Having decided to mark our seventeenth wedding anniversary this year, Mr McGowan and I took a trip down memory lane and returned to the place where we spent our honeymoon, Cannes.
The resort, on the French Riviera, hasn’t changed much since we went as newly weds but for some reason, the diversity of the town’s ‘high-street’ offering struck me more this time. Perhaps perusing the retail outlets of the Boulevard de la Croisette, wasn’t at the top of my priority list first time round.
With a resident population of about 70,000, the streets of Cannes boast a choice of retail stores usually found in cities with at least ten times the population. As we all know, Cannes, or la Côte d’Azur in general, attracts significant numbers of tourists from very different socio-economic backgrounds and, over what seems like a few close-knit streets, this seems to intensify the battle of the brands. Whether it is low-cost or luxury, in Cannes the big names have it covered.

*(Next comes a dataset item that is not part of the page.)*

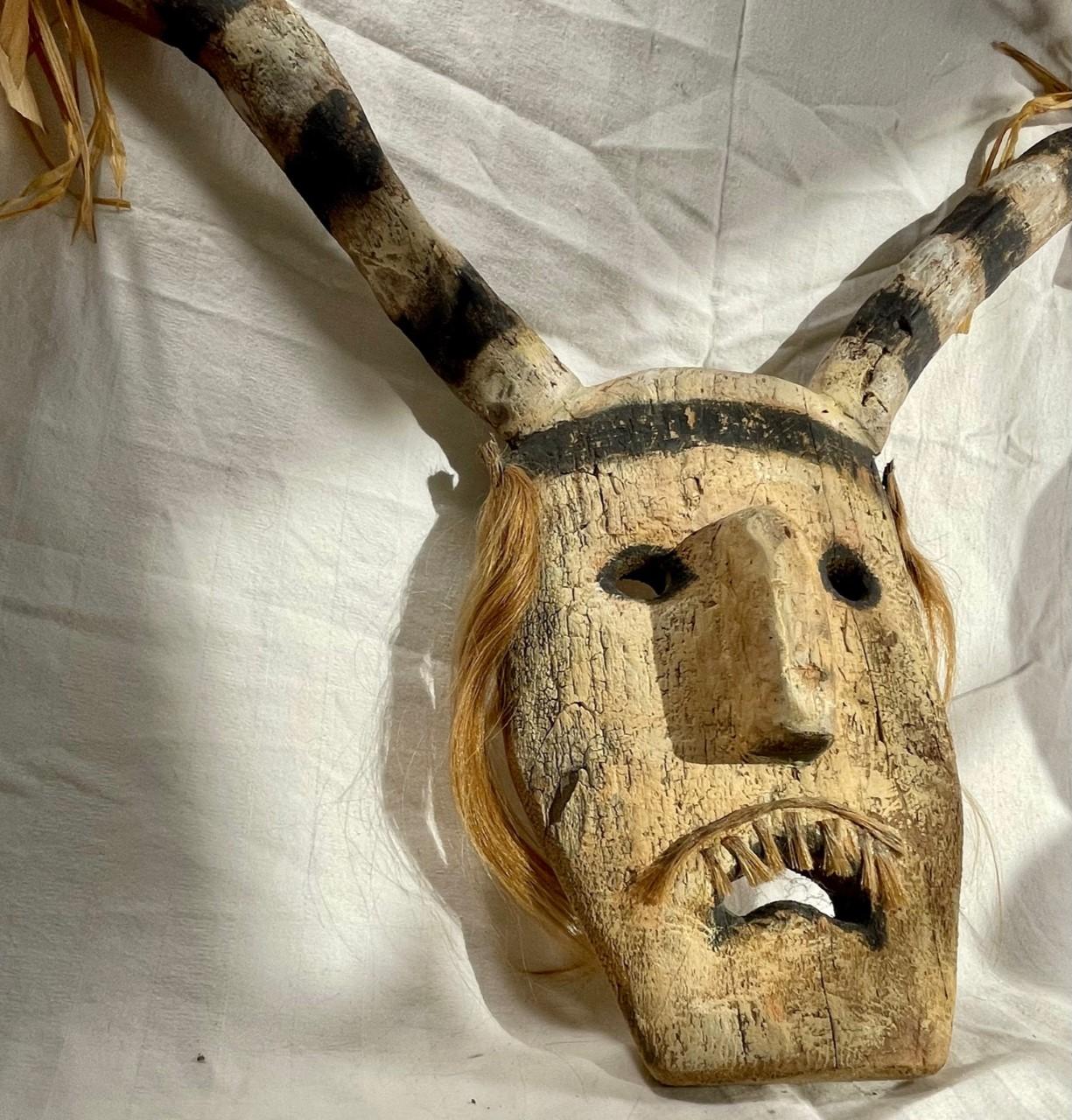 Native American Hopi Pueblo Clown Kachina Mask, Ethnographic Folk Art In Good Condition In Vero Beach, FL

I considered how hard the independent business owner has to work to make their brand worthy of a visit but then don’t all big brands start off as small, independent businesses?
Take two examples of clothing stores which are a stone’s throw away from each other in the town but focus on different target markets. Zara, the affordable retailer whose philosophy is that clothes are a perishable commodity to be regularly and effortlessly replaced. Chanel, the fashion house giant, specialising in haute couture which premiers on the world’s catwalks twice a year.
Believe it or not, both started off as small, independent businesses – Zara as a clothing shop in La Cornua, Spain and Chanel as a millinery shop in Paris, France. What set them apart? Both have leaders with inspired visions for the business. These visions evolve into concise brand values which drive the business today and into the future. Both appreciate which market segment they are going for and target themselves accordingly and every decision will reinforce the idea that their product is precisely what is needed by these target customers.
Did you know you could win the battle of the brands in your sector and go on to become just a big as Zara or Chanel? Email email@example.com today for a brand review and see where you could grow.
What about me? Where did I shop when I was in Cannes? I regularly pop into one (Zara) and aspire to visit the other (Chanel), which is the desired positioning for these brands based on my consumer profile. I did say my career goal was to be Marketing Director of Chanel in my high school yearbook so good to know I have maintained my aspiration for the brand in one way or another!
And our cool Côte d’Azur tune? Operator (DJ Koze’s Disco Edit) Låpsley.